WHAT THE TASK ASKS -> Copy, exactly as written, the lines that begin at the one containing "LED Digital Watch" and end at the one containing "24 Pack 8 Oz". Skip any pictures in the data below.

DATA FOR ANALYSIS ->
++++++++

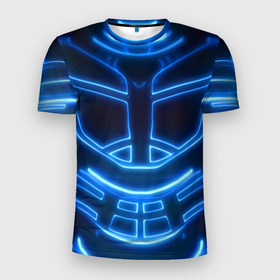 Мужская футболка 3D Slim с принтом Неоновая броня | Neon Armor , 100% полиэстер с улучшенными характеристиками | приталенный силуэт, круглая горловина, широкие плечи, сужается к линии бедра | cyberpunk 2077 | абстракция | броня | неон | синяя | текстура | трон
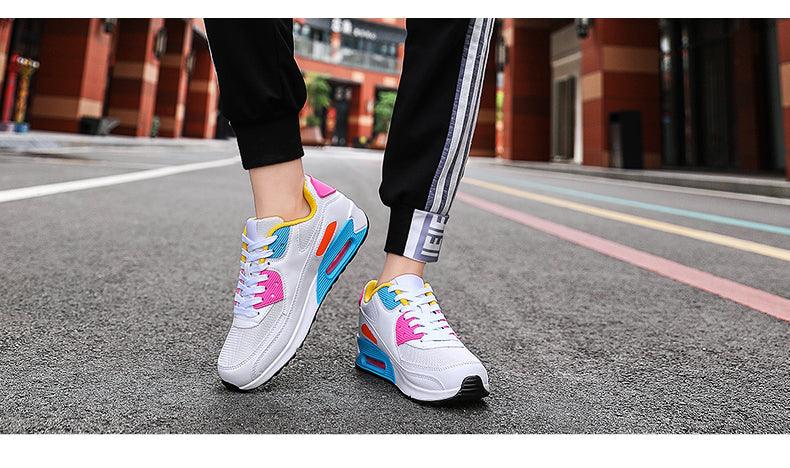Unisex Air Cushion Sneakers Men's Colorful Casual Fashion Jogging Sneakers Outdoor Sports Sneakers Lace Up Unisex Walk Women's Air Athletic Running Sneakers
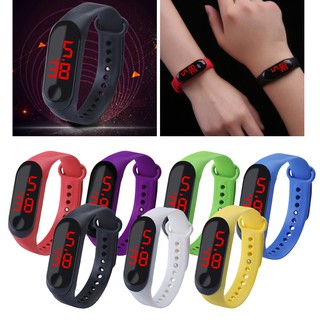 LED Digital Watch Touch Screen Silicone Smart Wristwatch Bracelet Random
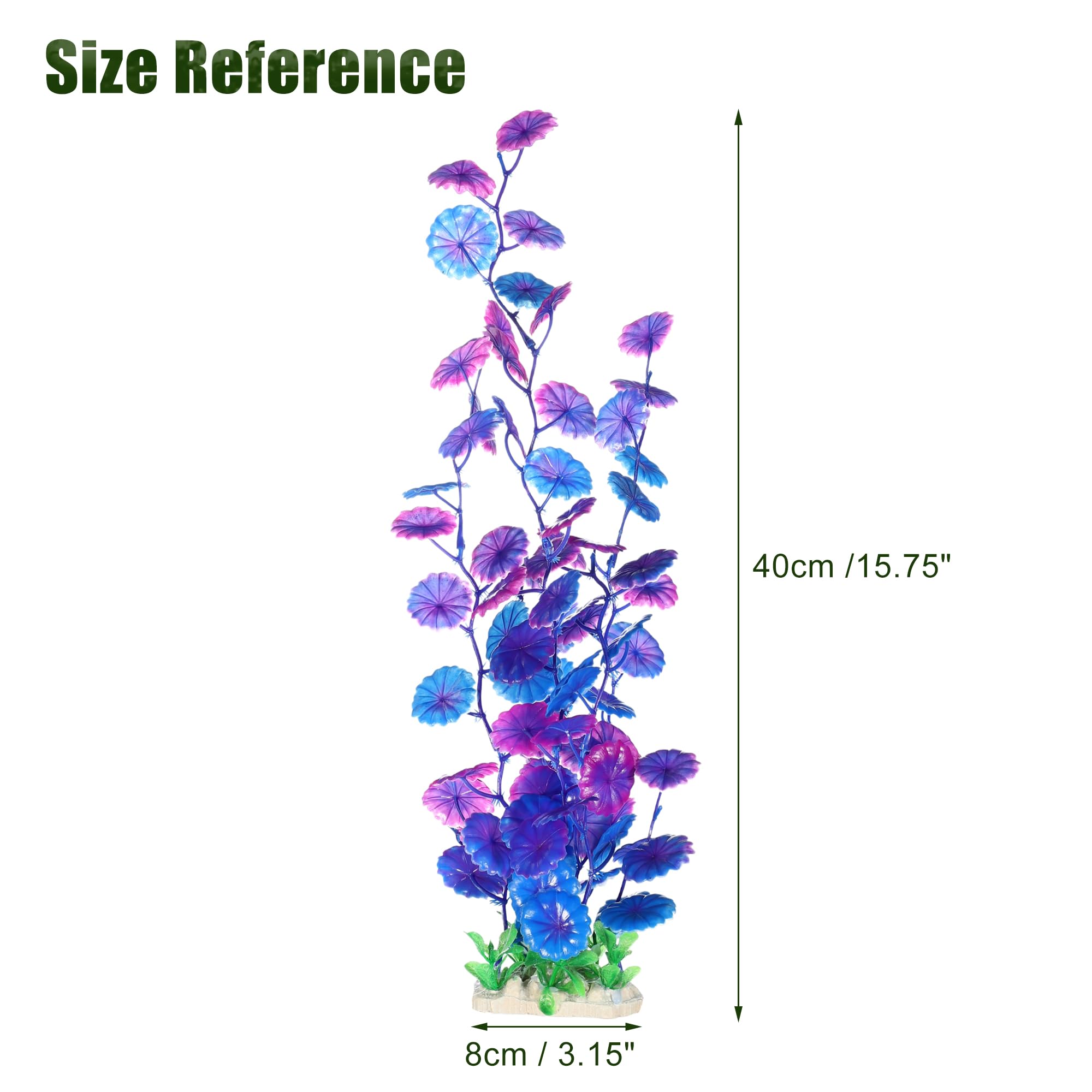 CAPASTEC Tall Aquarium Plants, Big Plastic Plants for Fish Tanks Decor 15.75" Height (Purple, 2pcs) - Image 3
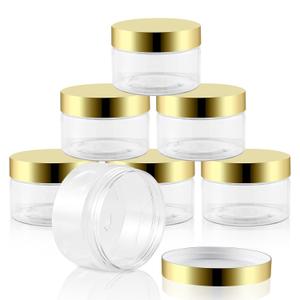 24 Pack 8 Oz Plastic Containers with Gold Lids, Clear Empty BPA Free and Refillable Cosmetic Jars Travel Containers for Creams, Lotion, Bath Salts, Sugar Scrub, Slime, Lip Scrub, Makeup (8 Ounce)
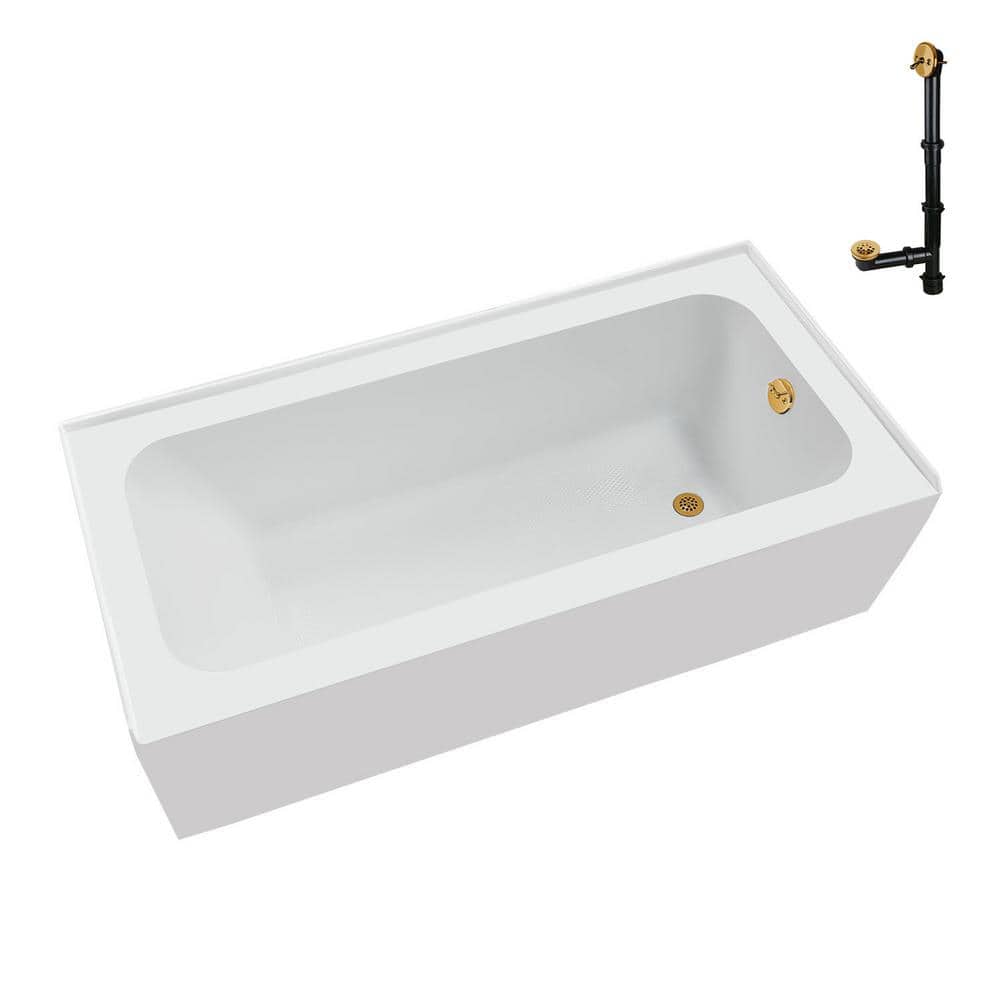 Glossy White Acrylic Alcove Bathtub with Brushed Gold Hardware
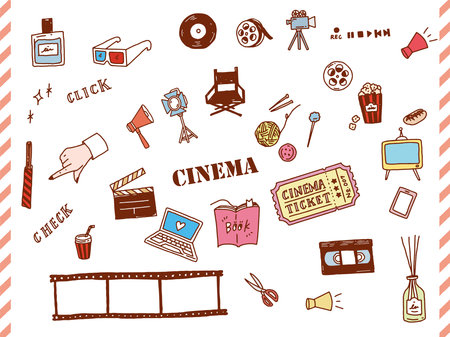 Black and white, monotone, and line drawing illustrations.Handwriting, fashion, magazines, fashion, movies, handicrafts.のイラスト素材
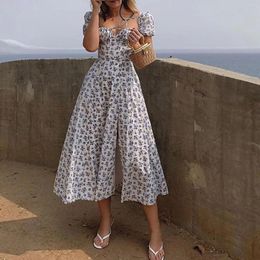 Casual Dresses Women's Summer Dress Bohemian Floral Print Sundress 2024 Elegant Puff Sleeve Square Collar Robe Tie-Up High Split Ladies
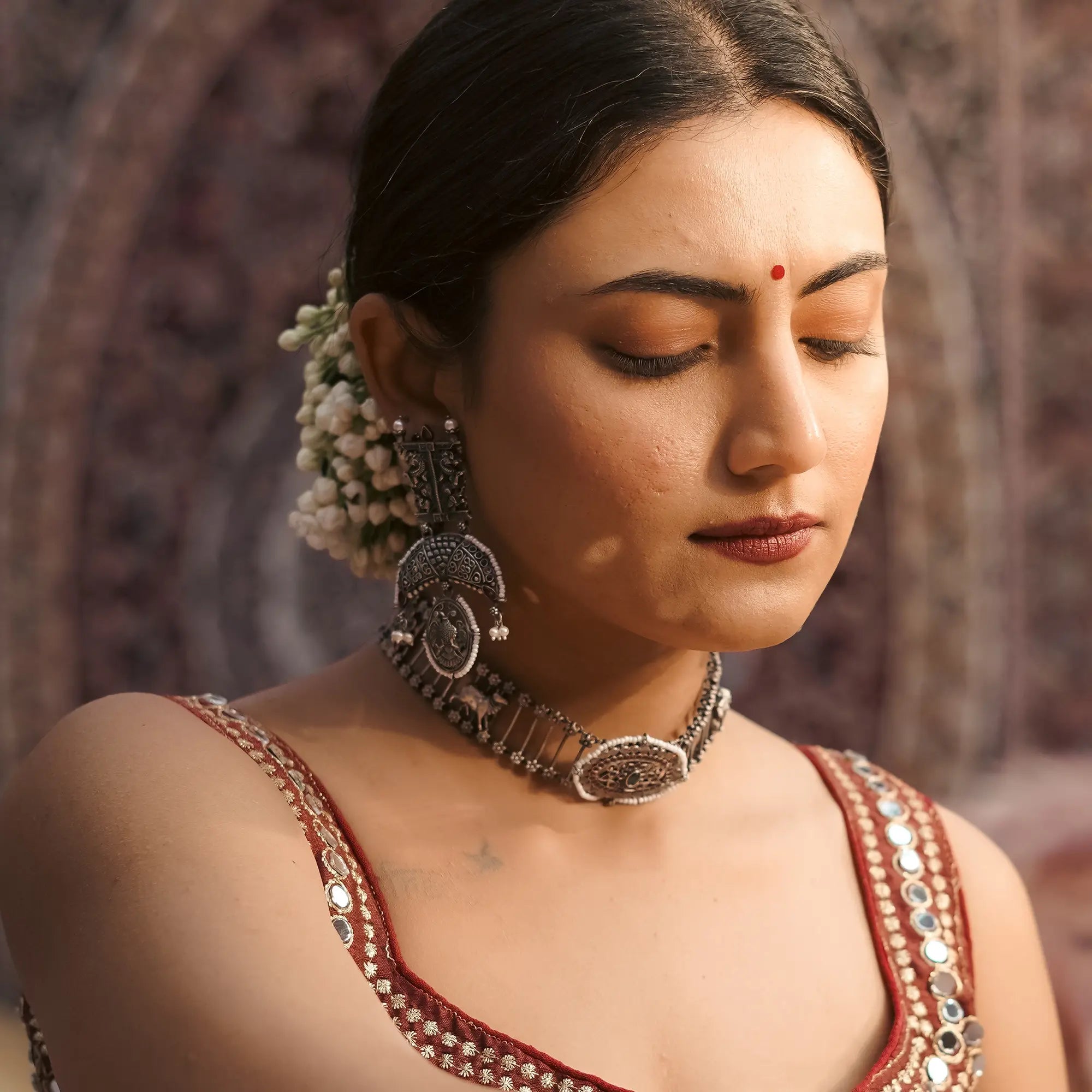 Stone-Studded Drop Earrings with Pearl Detailing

++++++++

COMPLETED EXERCISE ->
 LED Digital Watch Touch Screen Silicone Smart Wristwatch Bracelet Random
 CAPASTEC Tall Aquarium Plants, Big Plastic Plants for Fish Tanks Decor 15.75" Height (Purple, 2pcs) - Image 3
 24 Pack 8 Oz Plastic Containers with Gold Lids, Clear Empty BPA Free and Refillable Cosmetic Jars Travel Containers for Creams, Lotion, Bath Salts, Sugar Scrub, Slime, Lip Scrub, Makeup (8 Ounce)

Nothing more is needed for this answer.